Exklusiv für das Konferenz Ticket: der Food Investment Guide

Exklusiver Zugang zur Zukunft der Lebensmittelinnovation: Sichere dir jetzt dein Konferenz Ticket. Als Preview erhältst du einen Einblick in unser Interview mit Felix Leonhardt. Das vollständige Interview und weitere Inhalte bleiben exklusiv dem Konferenz Ticket vorbehalten.

Felix Leonhardt ist Managing Partner bei Oyster Bay, einem VC-Unternehmen, das sich auf die Food-Branche spezialisiert hat. Ende 2025 hat es seinen zweiten Fonds mit einem Volumen von über 100 Millionen Euro abgeschlossen. Zum Portfolio gehören so bekannte Startups wie Air Up, Oatly oder auch goodBytz. Felix hat als Gründer von purefood selbst Startup-Erfahrungen gesammelt, kennt also beide Seiten des Geschäfts. 

Was ist ein VC-Fund und wie funktioniert das Ganze? 

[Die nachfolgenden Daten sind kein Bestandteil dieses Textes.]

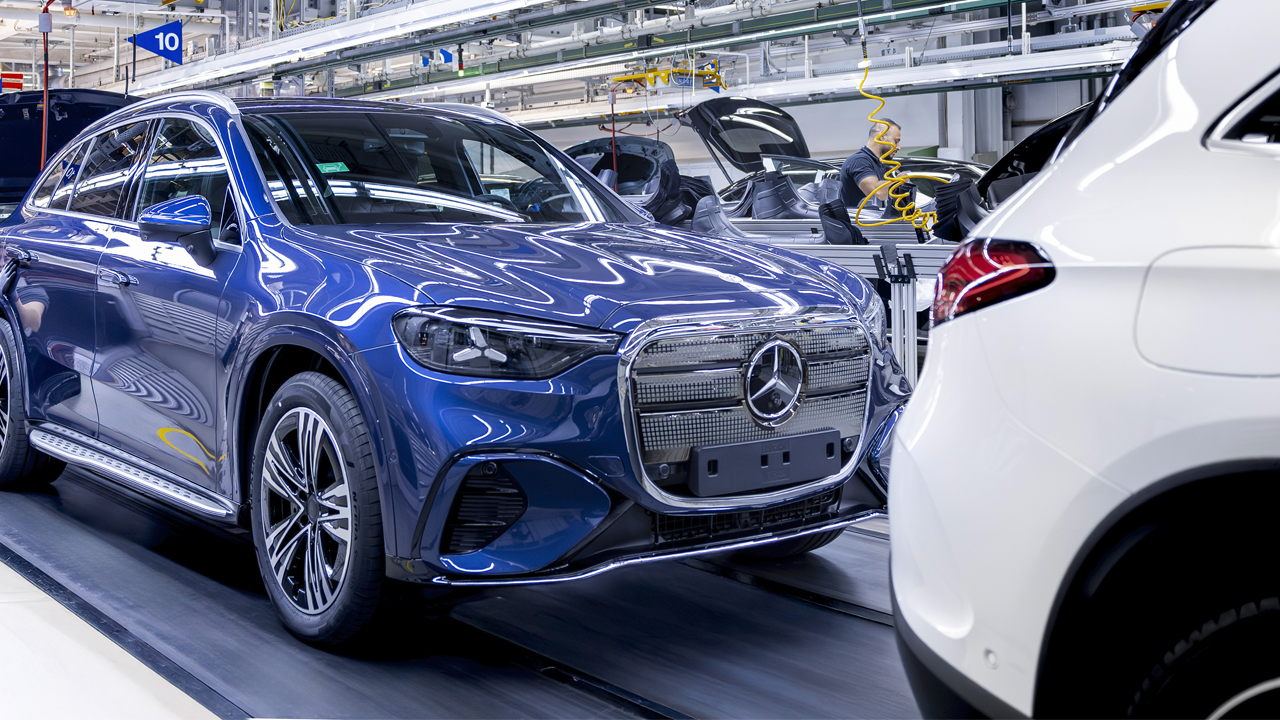 La gama del nuevo Mercedes GLC eléctrico estrena en Europa una versión casi 9.000 euros más barata y hasta 670 km de autonomía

Bei einem Venture Capital Fund haben mehrere Initiatoren von externen Investoren Geld eingesammelt, um dieses in Startups zu investieren. Die Initiatoren nennt man General Partner, sie sind die Menschen, die einen VC-Fund führen. Die Investoren nennt man Limited Partner. Ein Fund hat normalerweise eine Laufzeit von zehn Jahren, wovon nur in den ersten fünf in neue Firmen investiert wird.  

Wessen Geld wird dort investiert? 

In VC-Funds investieren vermögende Privatpersonen, Institutionelle Investoren (Versicherungen, Pensionskassen, Fund of Funds) und Unternehmen. Die Investmentlogiken unterscheiden sich – grundsätzlich sehen Investoren in VC-Funds eine Erweiterung ihrer Portfolios aus klassischen Aktien und Immobilien.  Die Initiatoren beziehungsweise. Manager des Funds investieren ebenfalls ihr eigenes Geld – dies ist meist aber ein kleiner Anteil am gesamten Fundvolumen.  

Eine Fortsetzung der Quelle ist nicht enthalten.